• A large and growing body of academic literature confirms that police presence deters crime and helps maintain public order
  • Increased police presence has been shown to be an especially effective way of reducing the homicide rate for Black victims
  • The implication is clear: if we want to save Black lives and ensure that the current spike in violent crime does not spiral out of control, we should deploy more police officers in high-crime, high-disorder neighborhoods

On October 7, 1969, the Montreal Police called a wildcat strike. Next morning, the Montreal Gazette described the result:

Hundreds of looters swept through downtown Montreal … as the city suffered one of the worst outbreaks of lawlessness in its history. Hotels, banks, stores and restaurants … had their windows smashed by rock-tossing youths. Thousands of spectators looked on as looters casually picked goods out of store-front windows. 

Canadians were horrified by the breakdown in public order that followed the withdrawal of the Montreal police, but they probably weren’t particularly surprised. That police presence helps maintain public order and deters crime, and that an announced withdrawal of police presence might lead to an increase in crime and disorder: these are matters of common sense for most people. 

Common sense can be wrong, of course. Psychological and sociological phenomena are complex and poorly understood, and our intuitions can sometimes lead us astray about such things. Not in this case, however. A large and growing body of academic literature corroborates the commonsensical view of the matter: police presence deters crime.

In 2002, economist Steven D. Levitt published a paper in which he summarized four recent studies of the impact of police presence on crime, including two of his own:

Estimating the causal impact of police and crime is a difficult task. As such, no one study to date provides definitive proof of the magnitude of that effect. Nonetheless, it is encouraging that four different approaches … have all obtained point estimates in the range of 0.30–0.70. The similarity in the results of these four studies is even more remarkable given the large previous literature that uniformly failed to find any evidence that police reduce crime — a result at odds with both the beliefs and the behavior of policymakers on the issue. 

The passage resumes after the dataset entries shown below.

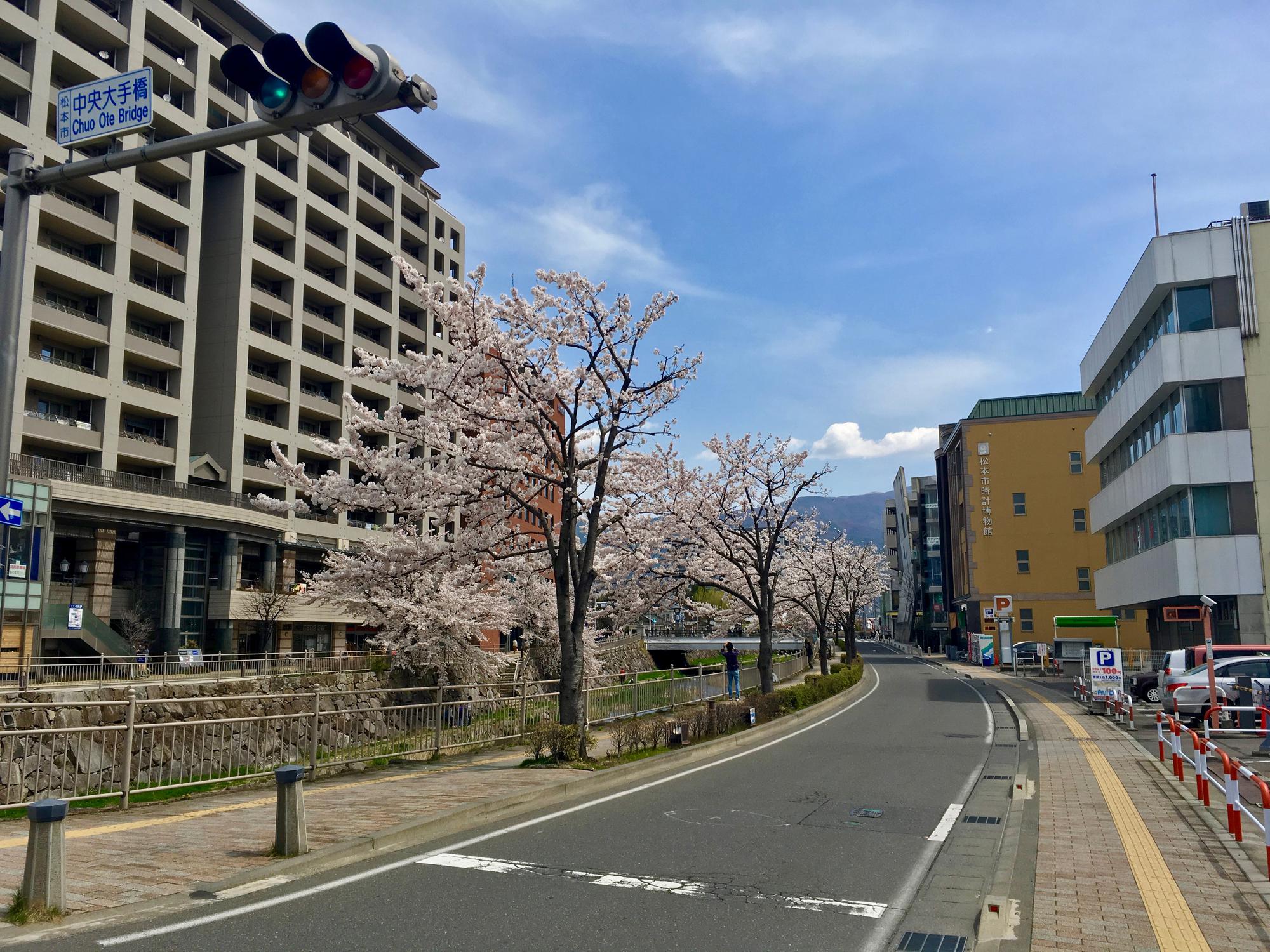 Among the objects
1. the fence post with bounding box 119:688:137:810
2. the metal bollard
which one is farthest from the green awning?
the metal bollard

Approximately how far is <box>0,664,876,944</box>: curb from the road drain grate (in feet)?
15.3

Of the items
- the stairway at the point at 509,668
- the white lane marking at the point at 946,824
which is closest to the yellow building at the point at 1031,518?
the stairway at the point at 509,668

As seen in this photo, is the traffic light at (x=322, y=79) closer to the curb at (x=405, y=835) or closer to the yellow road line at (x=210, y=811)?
the curb at (x=405, y=835)

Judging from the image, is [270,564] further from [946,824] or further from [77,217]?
[946,824]

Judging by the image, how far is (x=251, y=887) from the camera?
7.06 meters

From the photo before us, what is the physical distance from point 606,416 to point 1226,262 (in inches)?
1148

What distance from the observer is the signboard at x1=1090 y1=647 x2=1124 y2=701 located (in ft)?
86.3

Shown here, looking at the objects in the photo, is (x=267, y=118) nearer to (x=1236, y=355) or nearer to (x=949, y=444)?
(x=1236, y=355)

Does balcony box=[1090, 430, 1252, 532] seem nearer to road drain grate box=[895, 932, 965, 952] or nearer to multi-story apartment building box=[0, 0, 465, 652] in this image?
multi-story apartment building box=[0, 0, 465, 652]

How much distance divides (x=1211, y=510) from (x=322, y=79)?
37.5 m

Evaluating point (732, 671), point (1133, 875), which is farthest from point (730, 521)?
point (1133, 875)

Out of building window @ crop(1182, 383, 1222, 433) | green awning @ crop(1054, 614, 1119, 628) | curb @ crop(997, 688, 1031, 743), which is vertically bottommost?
curb @ crop(997, 688, 1031, 743)

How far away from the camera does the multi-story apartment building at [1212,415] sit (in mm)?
33562

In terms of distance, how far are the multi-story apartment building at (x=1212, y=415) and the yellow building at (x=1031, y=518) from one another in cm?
3530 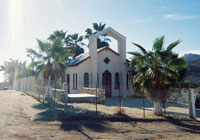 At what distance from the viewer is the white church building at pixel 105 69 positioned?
20547 mm

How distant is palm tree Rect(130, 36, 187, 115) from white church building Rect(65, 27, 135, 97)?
10271 mm

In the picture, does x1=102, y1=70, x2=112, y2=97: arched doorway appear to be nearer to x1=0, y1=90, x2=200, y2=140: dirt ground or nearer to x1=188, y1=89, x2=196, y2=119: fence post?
x1=0, y1=90, x2=200, y2=140: dirt ground

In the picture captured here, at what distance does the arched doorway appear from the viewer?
70.3ft

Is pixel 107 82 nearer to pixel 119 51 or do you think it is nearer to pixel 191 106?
pixel 119 51

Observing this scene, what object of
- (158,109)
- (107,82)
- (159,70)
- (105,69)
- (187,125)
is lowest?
(187,125)

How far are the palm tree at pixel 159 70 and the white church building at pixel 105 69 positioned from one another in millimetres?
10271

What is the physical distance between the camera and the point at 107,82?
21703 millimetres

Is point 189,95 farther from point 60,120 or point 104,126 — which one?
point 60,120

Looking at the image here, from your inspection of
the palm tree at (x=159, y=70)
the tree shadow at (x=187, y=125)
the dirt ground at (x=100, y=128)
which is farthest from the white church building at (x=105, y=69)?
the tree shadow at (x=187, y=125)

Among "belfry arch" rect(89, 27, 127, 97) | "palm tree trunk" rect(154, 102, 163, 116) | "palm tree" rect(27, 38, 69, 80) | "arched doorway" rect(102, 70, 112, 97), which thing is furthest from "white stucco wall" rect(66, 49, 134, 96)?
"palm tree trunk" rect(154, 102, 163, 116)

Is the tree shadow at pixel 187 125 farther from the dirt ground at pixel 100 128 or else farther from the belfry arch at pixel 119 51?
the belfry arch at pixel 119 51

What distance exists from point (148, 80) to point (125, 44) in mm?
12255

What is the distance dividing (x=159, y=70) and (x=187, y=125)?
308 cm

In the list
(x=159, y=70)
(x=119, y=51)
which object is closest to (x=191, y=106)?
(x=159, y=70)
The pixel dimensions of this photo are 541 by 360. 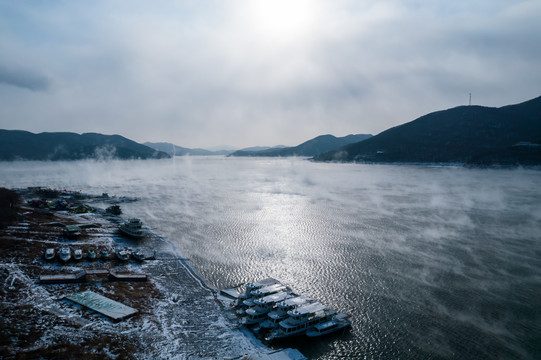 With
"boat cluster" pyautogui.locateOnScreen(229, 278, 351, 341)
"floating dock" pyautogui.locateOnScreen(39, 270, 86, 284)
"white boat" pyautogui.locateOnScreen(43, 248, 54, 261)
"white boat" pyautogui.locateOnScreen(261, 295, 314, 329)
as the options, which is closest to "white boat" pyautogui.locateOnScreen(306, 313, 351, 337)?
"boat cluster" pyautogui.locateOnScreen(229, 278, 351, 341)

When Levitt says the studies all obtained point estimates in the range of 0.30–0.70, he is talking about what economists call “elasticity”; i.e., the extent to which one economic variable changes in response to a change in another variable. An elasticity in that range means a 10% increase in the size of a police force should result in a 3% to 7% reduction in crime.

That estimate of the extent to which crime declines as police presence increases has held up remarkably well. Using changes in police presence related to terror alert levels in Washington, D.C., in 2006, Jonathan Klick and Alex Tabarrok published new findings about the effect of police presence on crime in the Journal of Law and Economics. They found that “an increase in police presence of about 50 percent leads to a statistically and economically significant decrease in the level of crime on the order of 15 percent, or an elasticity of 0.30.” They also found that, “Most of the decrease in crime comes from decreases in the street crimes of auto theft and theft from automobiles, where we estimate an elasticity of police on crime of 0.86.”

In per capita terms the effects are approximately twice as large for Black victims. In short, larger police forces save lives and the lives saved are disproportionately Black lives.

In 2015 Klick, along with John M. MacDonald and Ben Grunwald, published the results of another study that reached very similar conclusions using a different methodology. They compared neighborhoods that benefitted from regular patrols by the University of Pennsylvania Police Department with similar neighborhoods that did not receive this additional level of police presence and found that “UPPD activity is associated with a 60% … reduction in crime.” According to their calculations, that reduction represented an elasticity of 0.33 for aggregate crime and an elasticity of 0.70 for violent crime. 

Summarizing a variety of studies, including the Klick and Tabarrok study described above, a 2016 Obama administration report stated:

Economic research has consistently shown that police reduce crime in communities, and most estimates show that investments in police reduce crime more effectively than either increasing incarceration or sentence severity. … This research shows that police reduce crime on average, and estimates of the impact of a 10 percent increase in police hiring lead to a crime decrease of approximately 3 to 10 percent, depending on the study and type of crime [and] that larger police forces do not reduce crime through simply arresting more people and increasing incapacitation, instead, investments in police are likely to make communities safer through deterring crime.

In 2020, Aaron Chalfin, Benjamin Hansen, Emily K. Weisburst, and Morgan C. Williams, Jr., reported the results of another study of the relationship between police presence and crime. Unlike previous studies, this one disaggregated its results by race:

We find that expanding police personnel leads to reductions in serious crime. With respect to homicide, we find that every 10-17 officers hired abate one new homicide per year. In per capita terms the effects are approximately twice as large for Black victims. In short, larger police forces save lives and the lives saved are disproportionately Black lives.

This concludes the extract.